10 min read·Updated April 16, 2026

Key takeaways

  • Ask the standard question: 'How likely are you to recommend us to a friend or colleague?' on a 0–10 scale.
  • Send 30–90 days after a meaningful interaction — not immediately after signup.
  • Always pair the score with a 'why' comment field.
  • NPS = %promoters (9–10) − %detractors (0–6). Passives (7–8) don't count.
  • Quarterly cadence. Monthly creates fatigue; annual misses regressions.

What NPS actually measures

Net Promoter Score is a single-question survey that scores customer loyalty on a −100 to +100 scale. It was introduced in 2003 and has become the de facto cross-industry benchmark, which is its superpower: your 42 is comparable to another company's 42 in a way that proprietary scores aren't.

What it doesn't measure: any single interaction, feature quality, or price sensitivity. NPS is a pulse on the whole relationship — use CSAT for per-ticket satisfaction and CES for perceived effort.

How to set it up in under 10 minutes

  1. 1

    Copy the standard question

    Use 'How likely are you to recommend us to a friend or colleague?' verbatim. Substituting words ('our product', 'our service') is fine, but don't paraphrase — the standardisation is the point.

  2. 2

    Pick your scale

    0–10, always. Scales with 5 or 7 points aren't NPS and can't be compared to NPS benchmarks. Include both 0 and 10 — some platforms drop one or the other and the resulting score is wrong.

  3. 3

    Add a follow-up field

    'What's the most important reason for your score?' as an optional free-text field. The comment is often more valuable than the number — it tells you why the number is the number.

  4. 4

    Choose the send trigger

    30–90 days after signup or first meaningful use is the common rule. Don't send to users who haven't had a chance to form an opinion. For B2B, send after onboarding completes or after the first renewal.

  5. 5

    Send it

    Email is the default channel. In-product works if you can trigger it after a successful action (not an error state). SMS works for mobile-first products. Keep the message to one sentence — the question is the point.

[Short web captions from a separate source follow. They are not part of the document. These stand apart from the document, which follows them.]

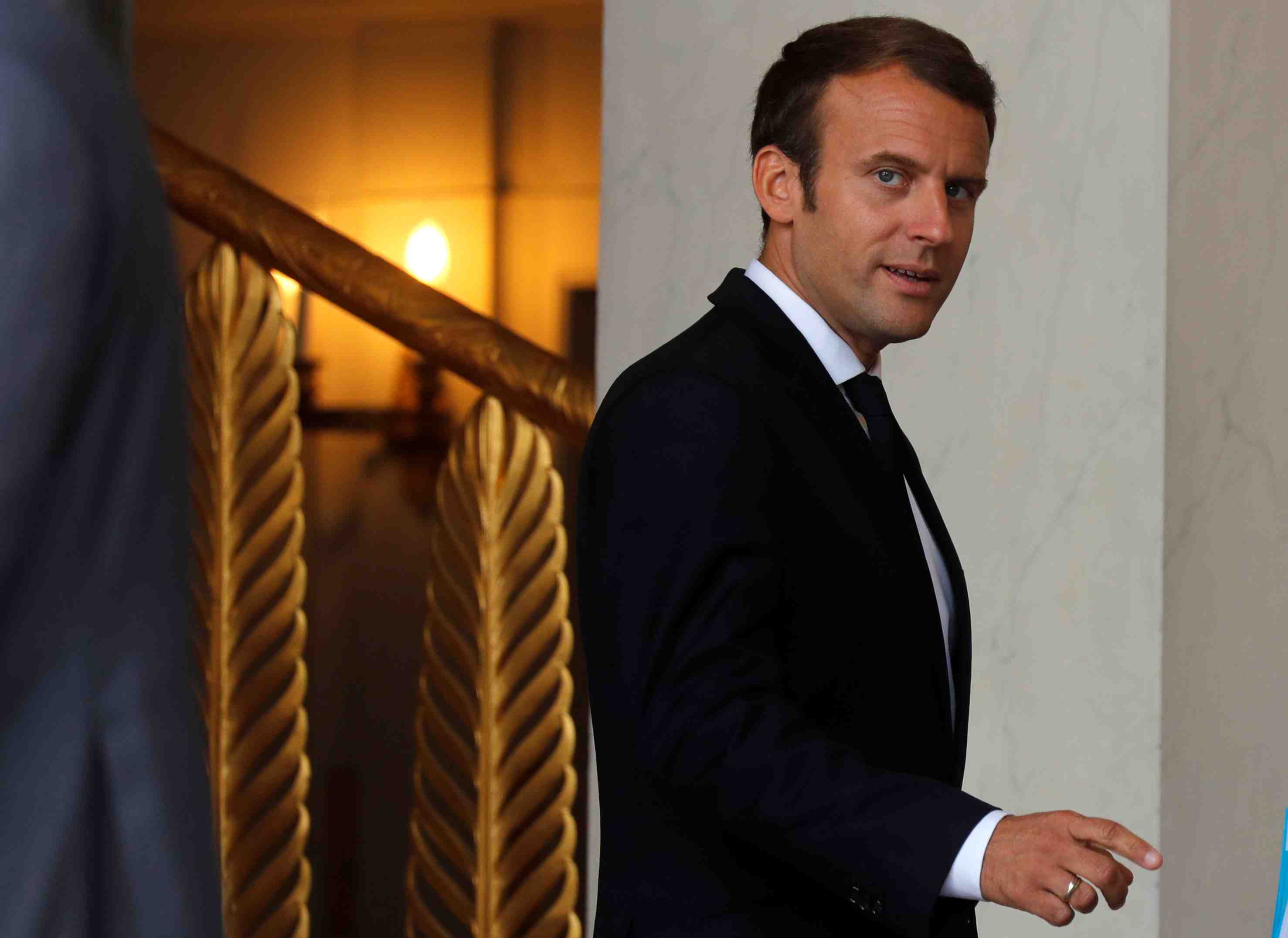 Macron debute un "tour de france" aux allures de campagne electorale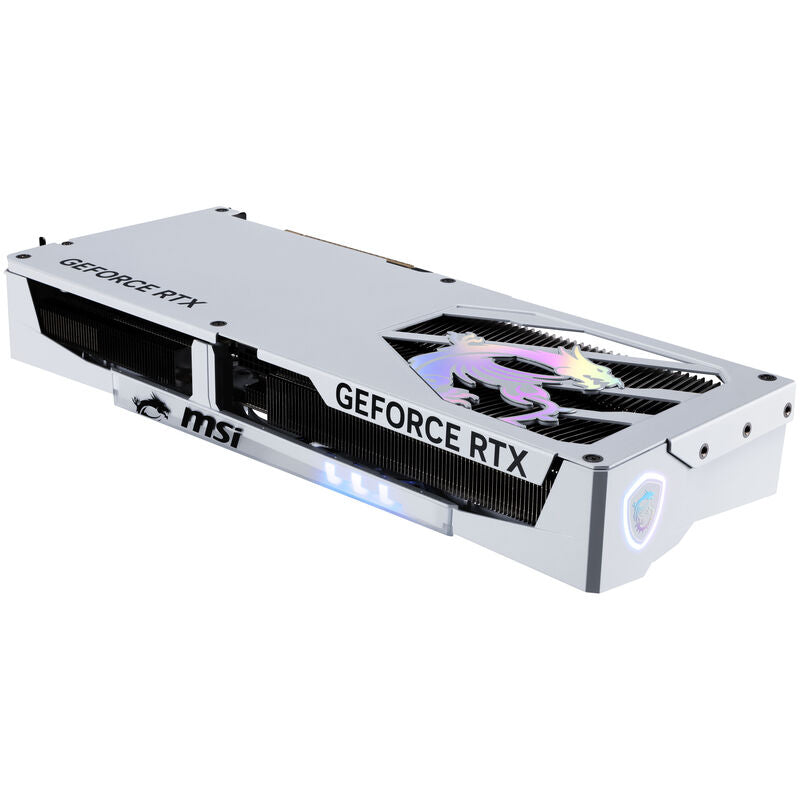 Nærbilde av RGB-belysning på MSI GeForce RTX 5070 Gaming Trio OC White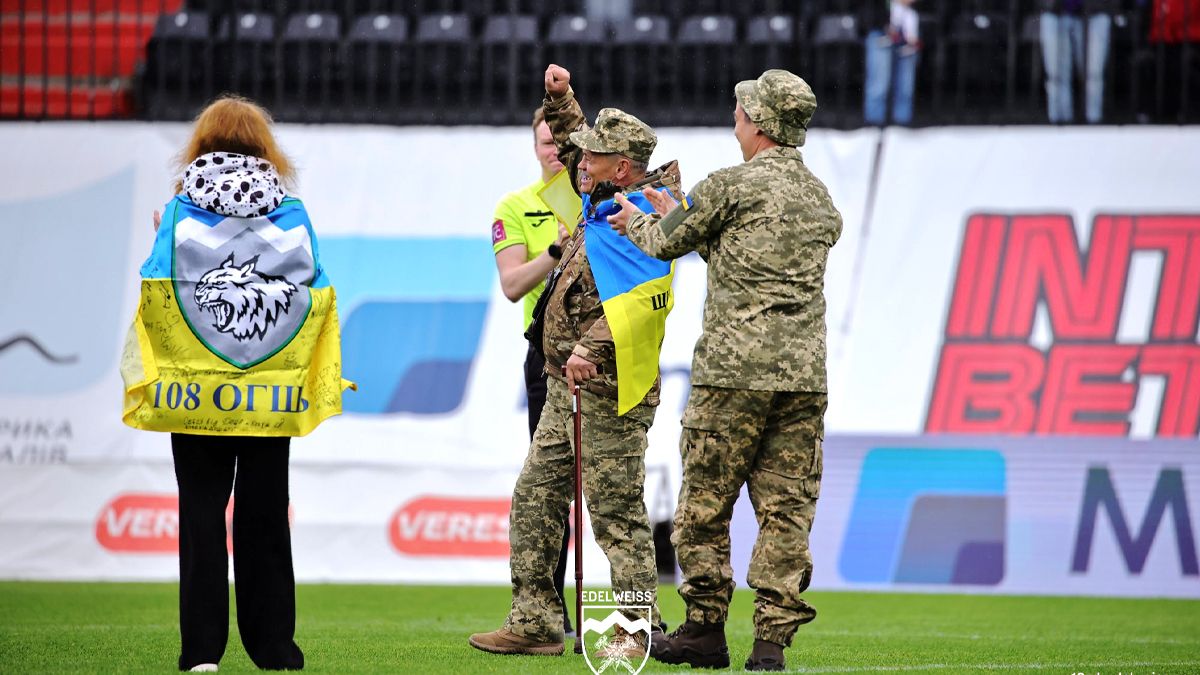 Воїн Микола Соник з 10-ї ОГШБр зробив перший удар на футбольному матчі Премʼєр-ліги України 1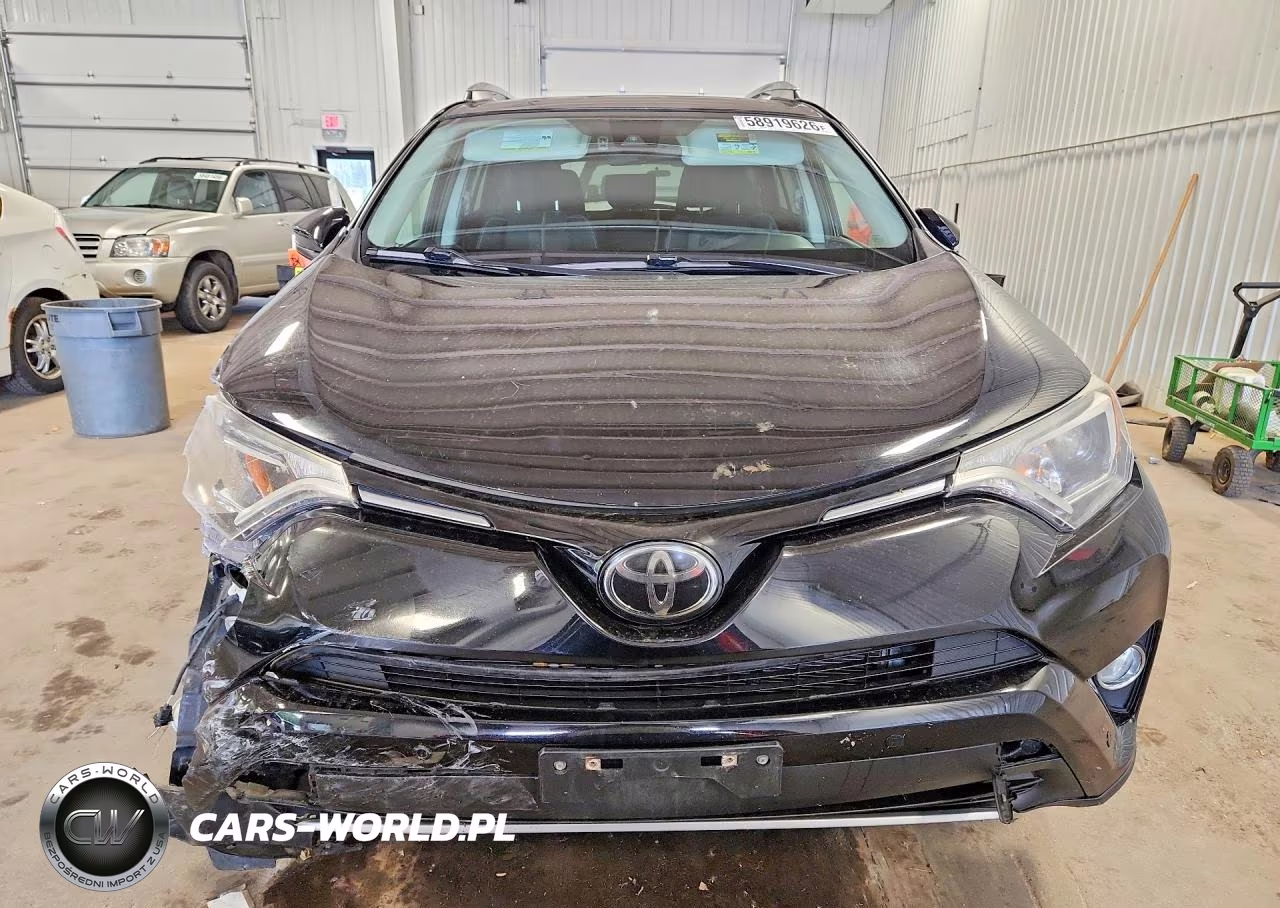 2017 Toyota Rav4 Xle VIN:2T3RFREV7HW675981 - 5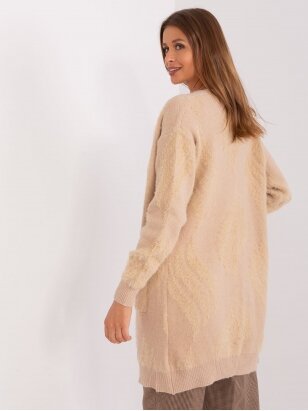 Smėlinės spalvos megztinis MGZ0061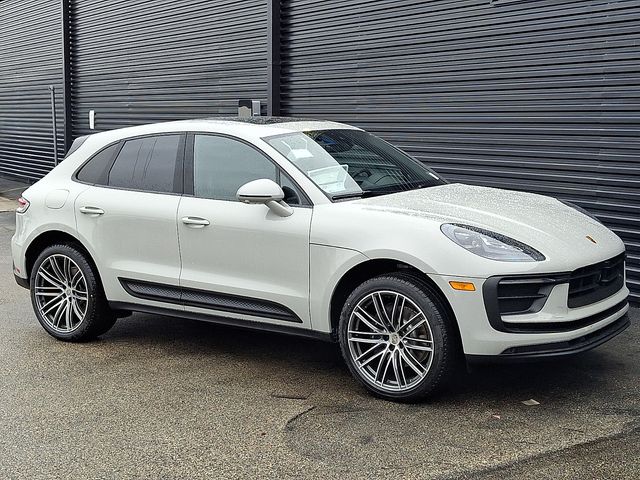 2026 Porsche Macan T - Photo 9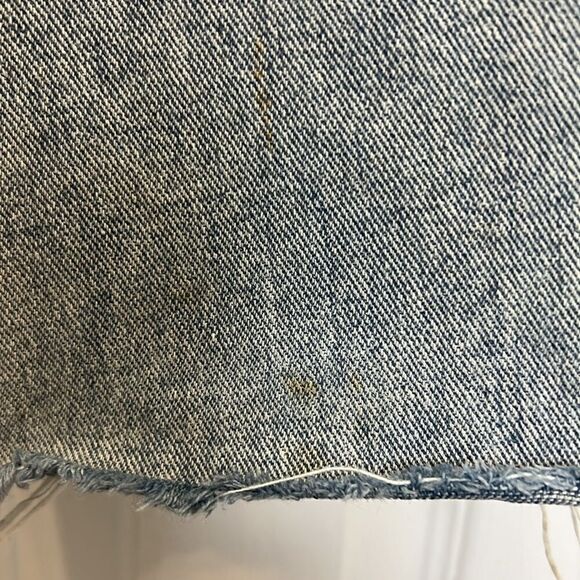 Princess Polly High Rise Raw Hem Light Wash Jeans Size 4 - Picture 12 of 14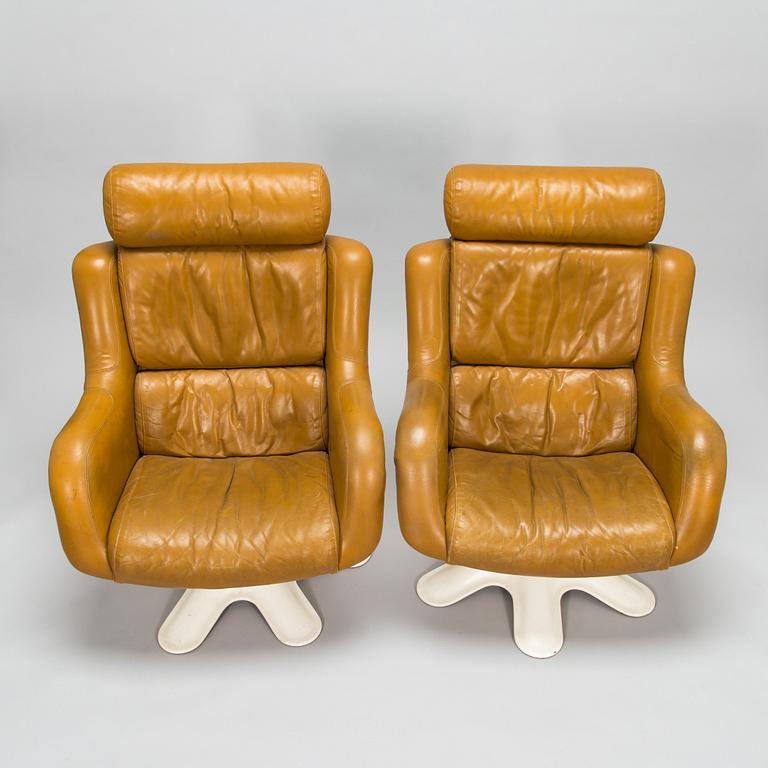 Yrjö Kukkapuro, a pair of late 1960's '418N' armchairs for Haimi.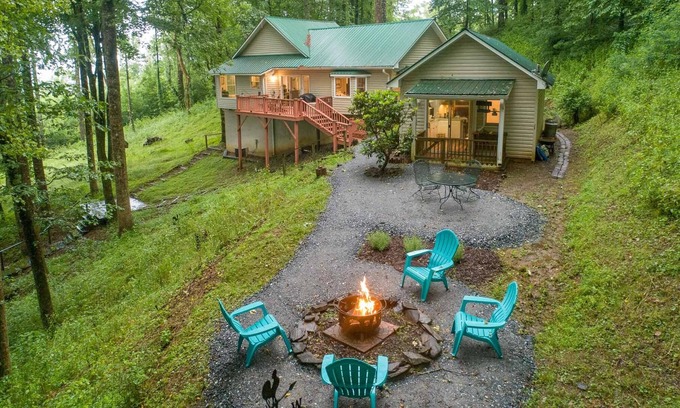 Sylva Casa | The Holliday House - Private, Mountain Home on a Creek.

How to calculate the score

Bucket every response: 9 or 10 is a promoter, 7 or 8 is a passive, 0 through 6 is a detractor. The score is: (% promoters) − (% detractors). Passives count toward the total but not the calculation. The result is a number between −100 and +100.

Worked example: 100 responses, 60 promoters, 20 passives, 20 detractors. NPS = 60% − 20% = +40. If you had 30 detractors, NPS = 60 − 30 = +30. A single detractor shift changes the number more than most people expect — which is why sample size matters.

What to do with the answers

  • Promoters (9–10): ask them for a public review, a referral, or a testimonial. They'll say yes more than you expect.
  • Passives (7–8): treat as at-risk. A passive today is a detractor after one bad interaction. Follow up with a short 'what would take this from a 7 to a 9?' question.
  • Detractors (0–6): route to a human. Not a support bot, not a ticket. A real reply within 24 hours reduces churn risk and often uncovers a systemic issue.
  • Share the aggregate trend internally every quarter. Shipping a product change without noting its NPS impact is a missed feedback loop.

Common mistakes

Sending too early. A user who signed up yesterday cannot meaningfully answer a loyalty question. Wait until they've experienced the product. Sending too often. Quarterly is the sweet spot; anything more frequent trains users to ignore the ask. Treating the number as the goal. NPS is a lagging indicator — chasing it directly leads to gaming (bribing promoters, filtering out detractors) that kills the signal you set up to measure.

Ready to try it

NPS survey template

Measure customer loyalty with a classic Net Promoter Score question.

Frequently asked questions

What's a 'good' NPS score?

Heavily industry-dependent. For most B2B SaaS, anything above +30 is solid, above +50 is excellent. Consumer apps tend to sit lower. The most useful comparison is your own trend over time, not external benchmarks.

How often should I run NPS?

Quarterly is the industry standard and usually the right answer. Monthly creates survey fatigue and day-of-send noise outweighs signal. Annual misses regressions. Some teams run a continuous trickle (e.g. 5% of users each week) to get trend data without a quarterly spike.

Should I exclude new users?

Yes — users with less than 30 days of tenure haven't had a chance to form a loyalty opinion. Their answer is closer to 'first impression' than NPS. Either exclude them or bucket them separately.

Can I run NPS on a free plan?

Yes, but segment the result. Free users' NPS tells you about perceived value of the free product; paid users' NPS tells you about the full product. Don't average them.